Your AI coding agent has amnesia

Every AI coding agent session starts from scratch. Your teammate spent 10–15 minutes (and a bunch of tokens) teaching Claude Code about your deployment patterns yesterday. Today you open a new session and it has no idea. All that context just evaporated.

This has been bugging me. We just had our hackathon at Apella (always a good time — extra good when you get to build something you actually want to exist) and I used it as an excuse to take a real stab at this.

The short version: I built a shared persistent memory system for Claude Code. Not individual memory — organizational. The kind where one engineer’s session teaches every future session across the team. Markdown files in a Git repo, two custom skills, no vector DB, no infra beyond what every dev already has installed.
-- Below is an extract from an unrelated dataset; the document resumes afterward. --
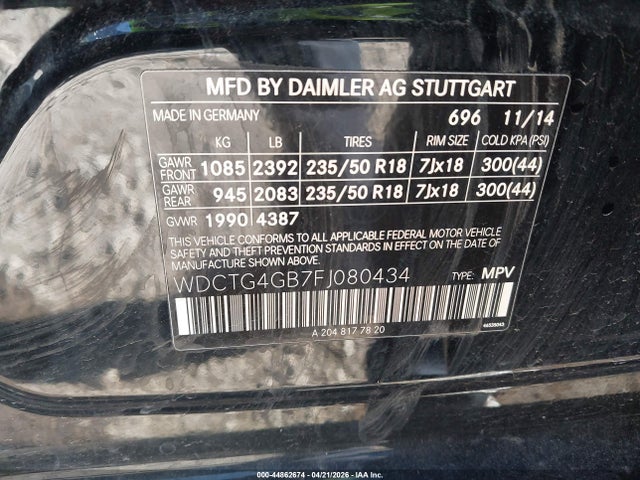 Продажа на аукционе авто 2015 Mercedes-benz Gla 250 4matic, vin: WDCTG4GB7FJ080434, номер лота: 44862674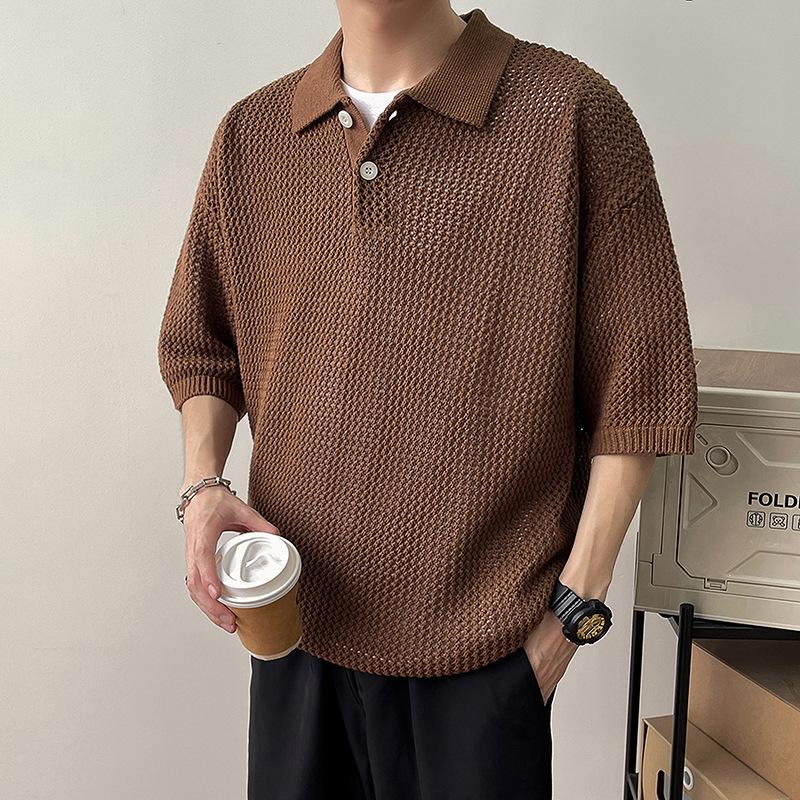 

Мужская летняя рубашка поло - ажурная вязка, короткий рукав, дышащая, стиль Old Money, высококачественная, воротник рубашки L кофейный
End of session → distill what you learned into a structured note. Start of session → pull in what’s relevant to your current work. Knowledge compounds instead of disappearing.
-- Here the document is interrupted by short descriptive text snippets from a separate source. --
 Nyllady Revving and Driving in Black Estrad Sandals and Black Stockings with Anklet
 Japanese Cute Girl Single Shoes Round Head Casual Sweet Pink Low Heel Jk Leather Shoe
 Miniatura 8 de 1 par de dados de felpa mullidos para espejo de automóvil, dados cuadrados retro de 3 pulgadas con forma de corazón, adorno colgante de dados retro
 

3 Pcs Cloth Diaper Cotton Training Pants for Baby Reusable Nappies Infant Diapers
Sounds nice in theory. So I ran 118 controlled experiments to find out.

Cold vs memory correctness — bar chart

Same coding task, two Claude Code agents running in parallel. One cold start, one with memory loaded. Both scored against a weighted correctness checklist — not vibes, actual pass/fail checks on things the output needs to get right.
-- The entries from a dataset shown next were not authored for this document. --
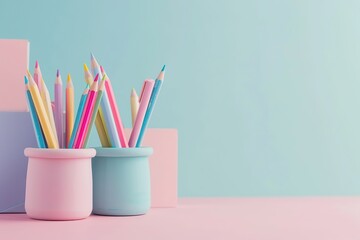 Back to school pastel background with stationery, kids supplies, alarm clock, green apple on table. Colorful paper, color pencils, stack of books. Copy space for text. Front view. Young student desk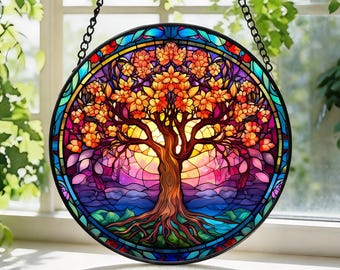 Atrapasueños de vitral con diseño de árbol de la vida, decoración para el hogar, colgante espiritual para vitral, decoración de árbol genealógico, regalo para el Día de la Madre, regalo de primavera.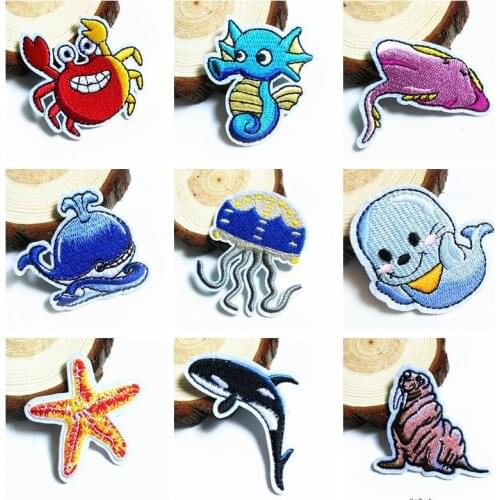 Crab Animal Whale Marine Organism Starfish Seals Dolphin Embroidered Patches For Clothing Iron On Patches On Clothes Stripes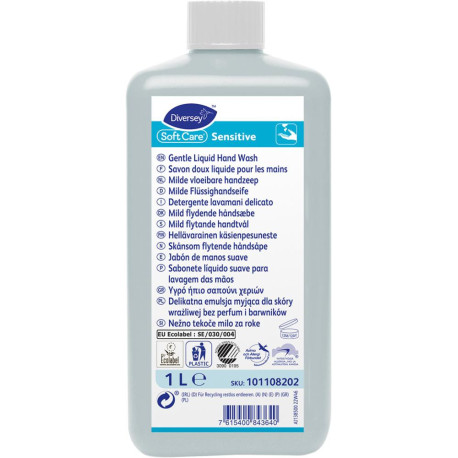 Lotion nettoyante douce pour les mains SoftCare Sensitive Flacon de 1 L (Par 10)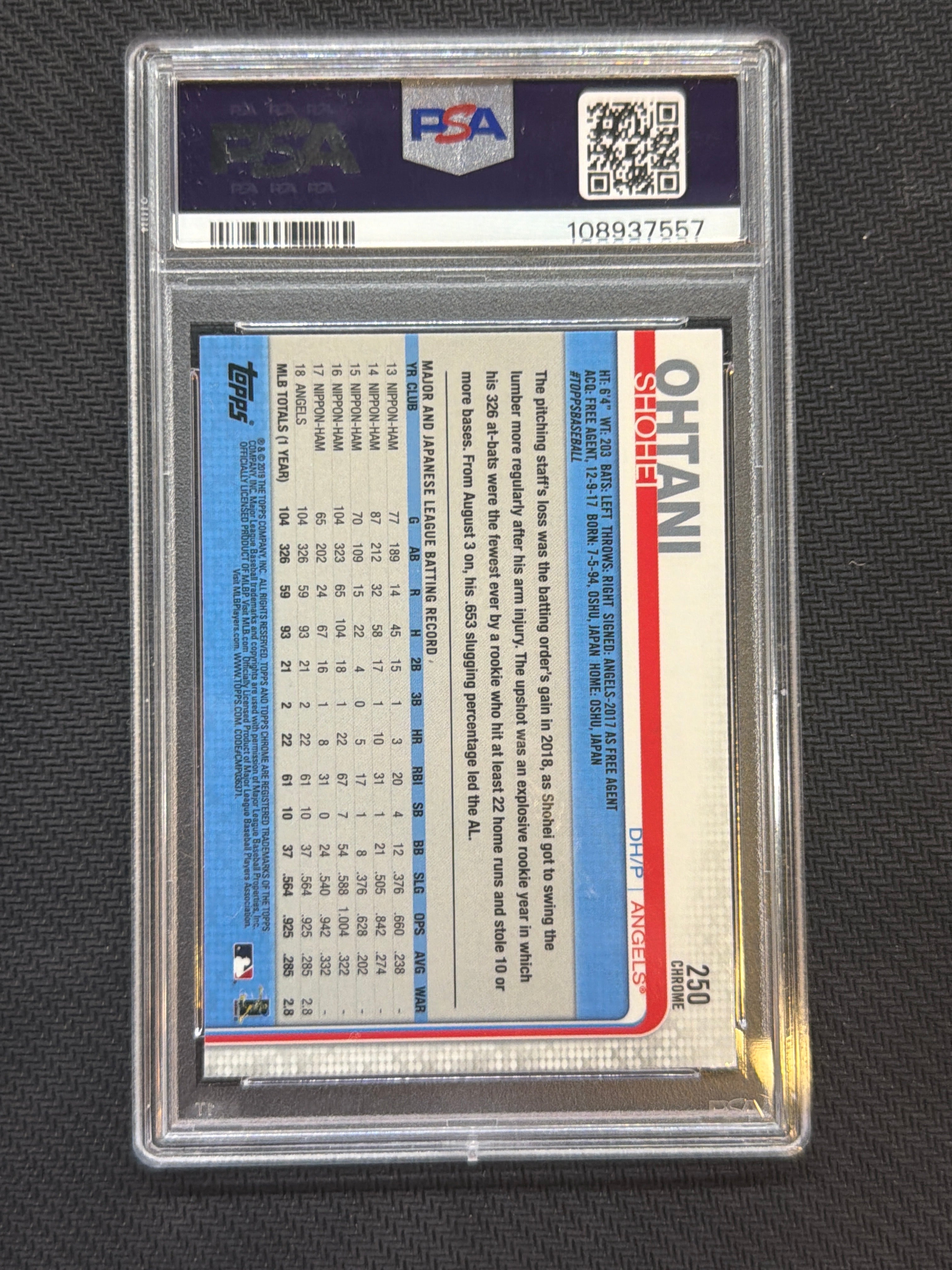 2019 Topps Chrome Sapphire Shohei Ohtani #250 PSA 10 557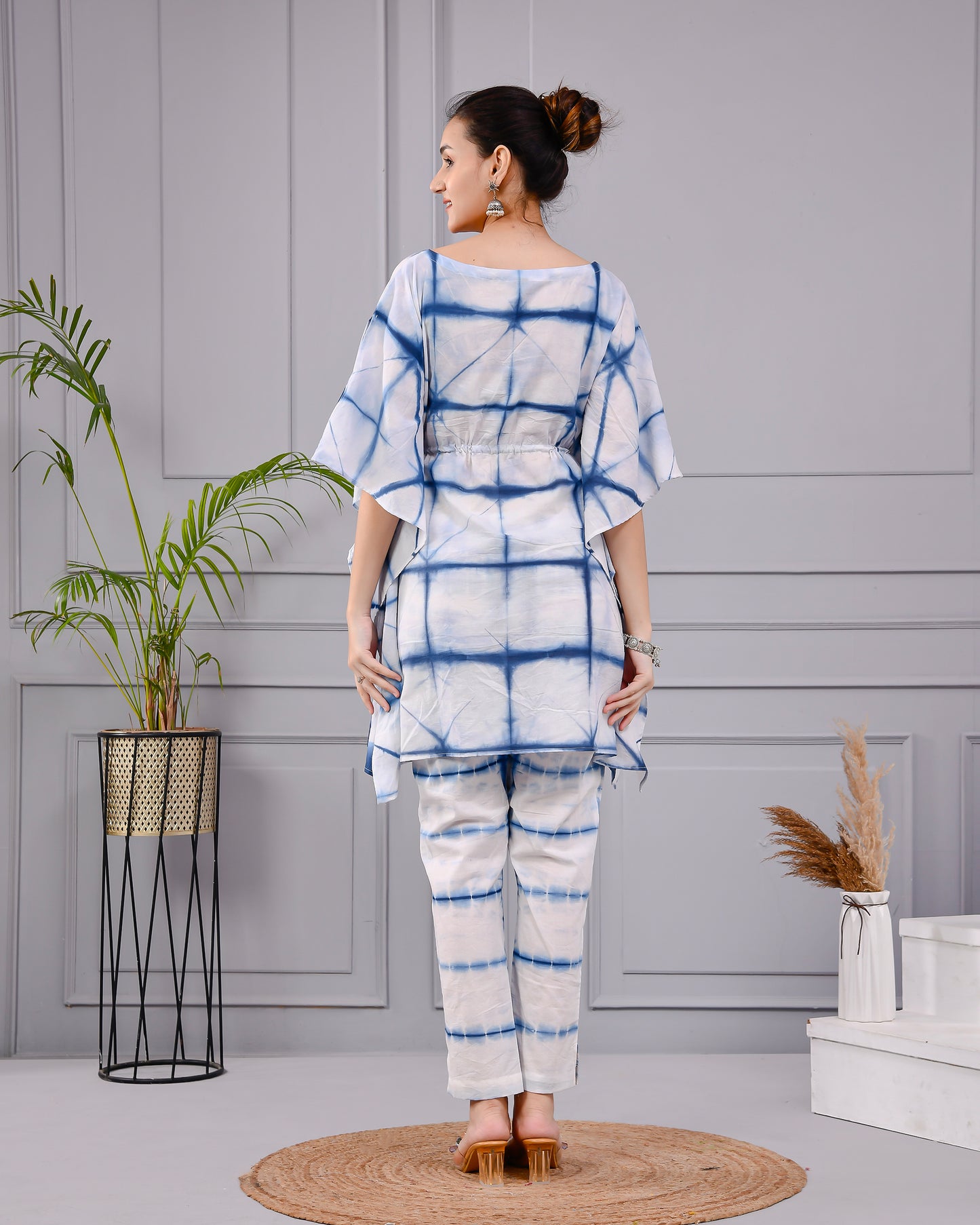 Indigo Shibori Tie-Dye Kaftan Set | Hand Dyed Cotton Co-ord Set | Drawstring Tunic & Pants | Summer Resort Wear for Women (XS–5XL)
Cold: 77.7% correctness. 4 perfect scores out of 118. Memory: 98.4% correctness. 107 perfect scores out of 118.

Both agents ace the straightforward stuff — file creation, right libraries, CI config. Near 100% either way. The entire gap is what I’m calling tribal knowledge. Patterns that live in your team’s head but nowhere in the codebase. Things you’d drop in Slack but never think to put in a README. One check went from a 3% pass rate to 95%.

Perfect runs: 4 cold vs 107 memory

Cold agents that throw 2x the tokens at the problem still plateau at ~86%. They can’t discover what doesn’t exist in the code. And when you filter to only perfect runs, memory is actually cheaper ($1.46 vs $1.73). You literally cannot brute-force institutional knowledge. But you can write it down.

Hackathon project. Sticks and stones. 118 runs later I’m convinced the mechanism works. The question isn’t “does giving an agent context help” — obviously. It’s what happens when every session your team runs deposits knowledge for the next one.

More soon. Turns out writing the notes is only half the problem.